Czekoladowa granola
Nie jest to moja pierwsza granola, oj nie. Znajdziecie na blogu kilka – granolę z masłem orzechowym, na punkcie której wariowałam całe lato. Robiłam ją naprzemiennie z szybką granolą z patelni, jak już wyjadłam ze słoika wszystkie zapasy pieczonej 🙂 Jesienią prym wiodła dyniowa granola, ale zawsze, ale to zawsze przewijała się między nimi czekoladowa. I nie wiem czemu wcześniej się tu nie pojawiła, ale grunt, że jest teraz!

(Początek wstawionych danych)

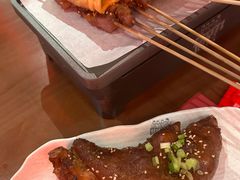 -蚝蚝先生·广式烧烤(信天广场店)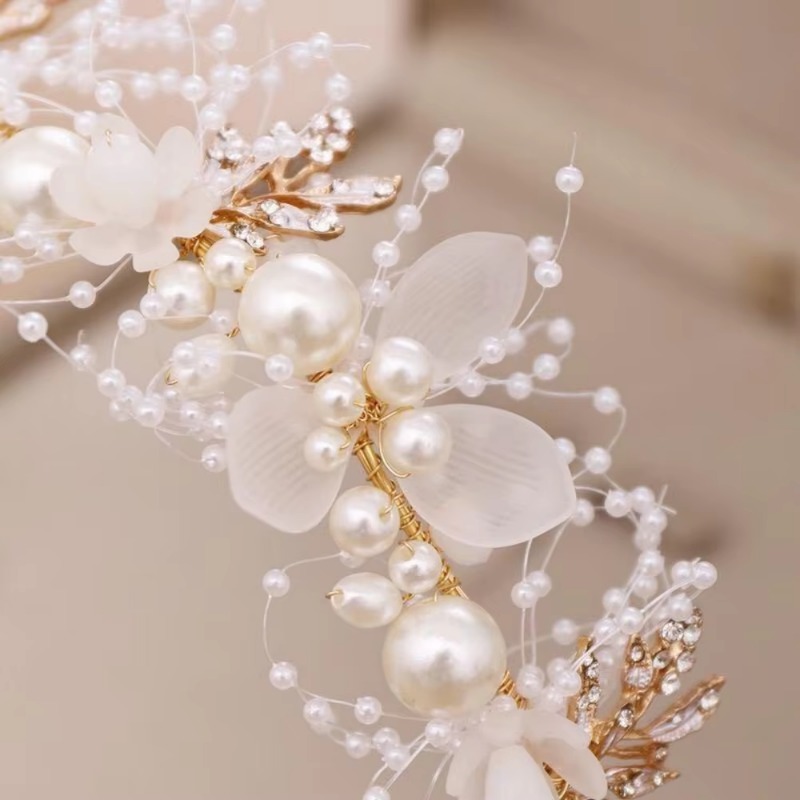 إكسسوارات شعر على شكل تاج أمير - مراجعة Wedding Supply Store وسعره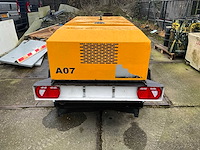 1996 ingersoll rand p101wd luchtcompressor - afbeelding 14 van  17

JEst cudownie chrupiąca, orzechy laskowe fantastycznie pasują do czekolady, jest tu nuta pomarańczy (polecam się wystarać o skórkę suszoną lub aromat naturalny bo robi robotę), kardamon i nie ma cukru. Słodzę ją syropem daktylowym i jest po prostu DO-SKO-NA-ŁA! Wymyśliłam sobie do niej żółciutkie, słodkie, suszone mango i raz dodaje surowe ziarna kakao, raz posiekaną drobno gorzką czekoladę. Obłęd, mój chłopak chowa słoiki, bo zjadłabym na raz!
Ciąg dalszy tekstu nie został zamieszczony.